◆ AIM OF THE EXERCISE:
All lines from the one containing "Tala de Árboles en Panamá" through the end of the data below are to be repeated exactly, with pictures left out.

━━━ DATASET CONTENT

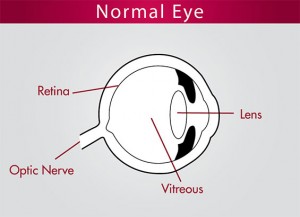Normal Eye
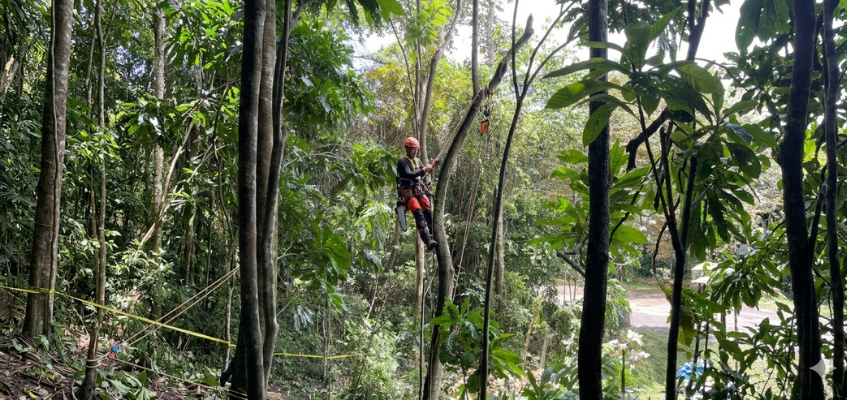 Tala de Árboles en Panamá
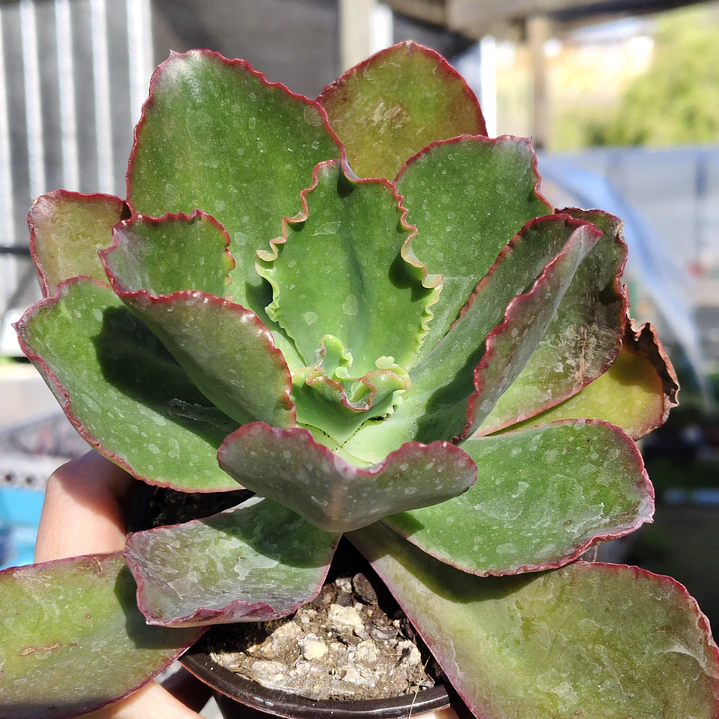 Echeveria Rulosa hibrida 3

━━━━━━

◆ RESULT FOR THIS EXERCISE:
 Tala de Árboles en Panamá
 Echeveria Rulosa hibrida 3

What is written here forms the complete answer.